The school has 1 175 learners and only 24 teachers.

Pupils from grade R to 9 sit on cement bricks because there is no school furniture.

The classrooms are filthy and desks and chairs are old and falling apart.

In Grade 9, there are 110 pupils crammed in a small classroom.

“I am disappointed that our children can learn in these conditions 20 years into the country’s freedom. This is unacceptable. They are being taught in pigsties,” Makgoba said.

He said no one was supposed to be educated in such terrible conditions and government needed to fix these problems.

South African Human Rights Commissioner Lindiwe Mokate, who was also part of the delegation, was disgusted.

“This is a mess. How are children supposed to learn in such conditions when three have to share a single desk? It’s disgusting. These children cannot reach their potential under such conditions,” she said.

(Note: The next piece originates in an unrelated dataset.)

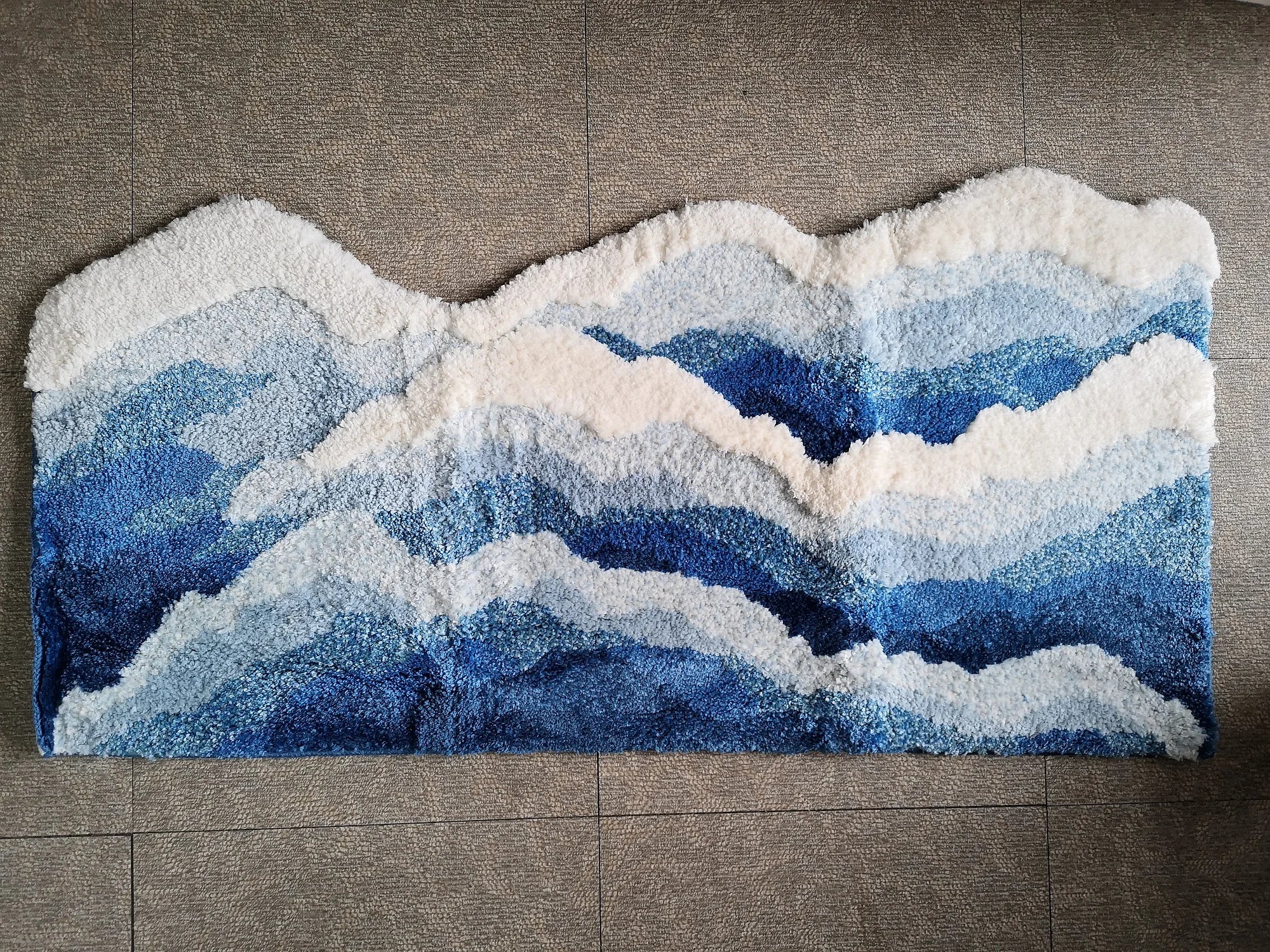 Aesthetic Tufting Ocean Bedroom Rug Soft Fluffy Scenic Wave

In Grade 2 140 learners share a class.

Grade 5 teacher Nontando Nongalo has 110 learners in her class.

She says she was once hit on the foot by a brick, which fell from one of the desks as she was teaching.

“It’s a dangerous place to work,” she said.

She says it becomes unbearable in the classroom when hot.

Grade 5 pupil Zonke Ngcoza (12) said her school was not suitable for learning.

“I am not proud to be a learner of this school. We sit on bricks and sometimes even fight over these bricks because it’s the only thing we can use to sit on,” Zonke said.

School principal Babalwa Mtumtum said the school’s existing toilets were appalling.

The 1 175 learners have to share 14 toilets and the 24 teachers make do with only two toilets.

“We would really like the department to build us a new school. This one is falling apart,” she said.

Mtumtum said they were last provided with school furniture by the department in 1995.

The school has been buying its own furniture, which is destroyed quickly due to the large number of learners.

Professor Pierre de Vos of the law faculty at the University of Cape Town, which was part of the delegation, said the Department of Basic Education needed to be held accountable for its failures.

“This is terrible. I would not want to be a learner in these conditions. I am wondering why 20 years after apartheid we still have this problem. If I was the minister of basic education, I wouldn’t sleep peacefully at night, knowing what the conditions that prevail in these schools are,” he said.